|
It got the job done by making the 99% majority of use cases more difficult in order to make the 1% minority simpler. This is a design pattern I think is being repeated in systemd. I kinda had the opposite impression. I first encountered systemd when I started messing around with arch for a couple little vps projects. At the time I was doing sysadmin that involved both Ubuntu and CentOS, and I definitely found day-to-day tasks easier with systemd (better built in monitoring, consistent syntax, etc). For simple cases, writing a unit file sucks a lot less than writing an initscript. The warts in systemd only started to irritate me when I was first setting up my personal machines (one laptop, one tower) to run arch [1]. Even then, the bloat in the design irked me more than actually using it. So, I'm in favor of systemd, but not thrilled (dbus everywhere is annoying). Then again, I don't maintain any packages with strange and/or complex daemons. If anybody's had a really hard time getting their stuff to work with systemd, I'd be interested to hear stories. 1: Not completely true. I want my damn log files back. |
For people who are less experien^H^H^H^H^H^H^H^Hcrusty :-), init scripts look like a horrifying way to manage a startup process, and just about anything -- including Yet Another Config File Format -- looks preferable.

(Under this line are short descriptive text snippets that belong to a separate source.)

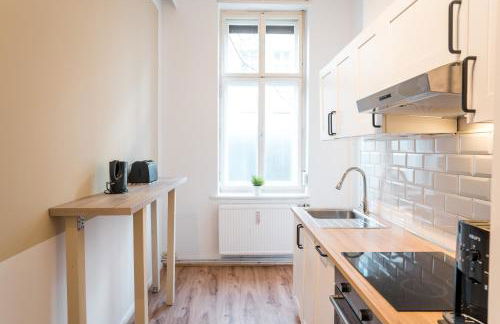 2 Bedroom Apartment in convinient location - Photo 16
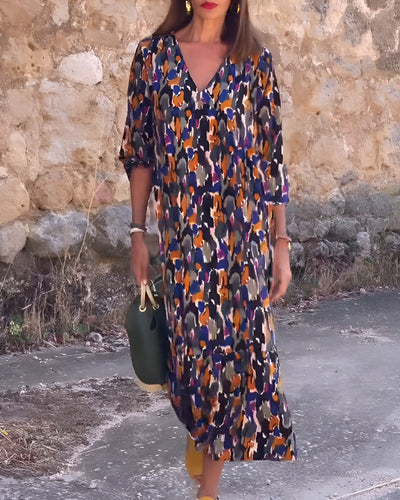 VIOLETTA | Lange V-hals Jurk met Retro Motief en Elegante Comfort voor Elk Moment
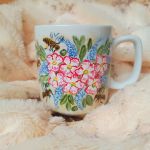 Ręcznie malowany pszczoły i kwiaty kubek 270 ml. - ręcznie malowany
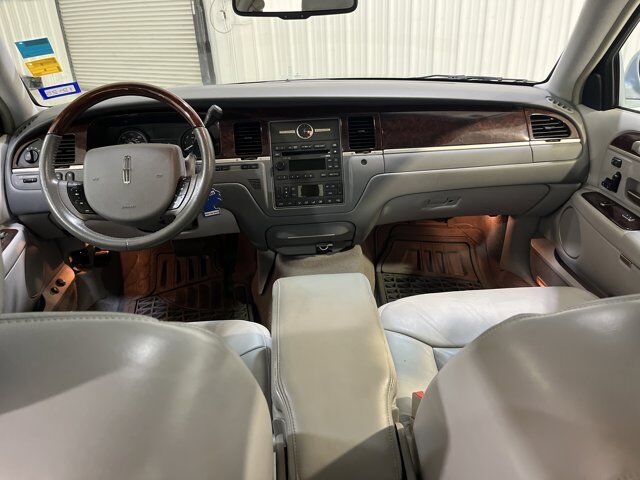 2006 Lincoln Town Car Signature Limited San Antonio TX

I think this is also why so little progress is being made on resolving conflicts over systemd. There really isn't a whole lot of room for compromise; one group simply wants things to stay more or less the same (or evolve incrementally), the other group simply wants to throw it all out and start over.
I bet there would've been a lot less argument and vitriol about systemd if Debian hadn't made the decision to default to it, basically leaving all the crusty sysadmins homeless. Once Debian switched, there was a near guarantee that all of Linux was going to move to systemd. That suits one group just fine, another one not so much.
On the plus side, the BSDs should be seeing a really nice upswell of installations over the next couple of years, which is great, because they've been quietly building some pretty great operating systems that deserve more love.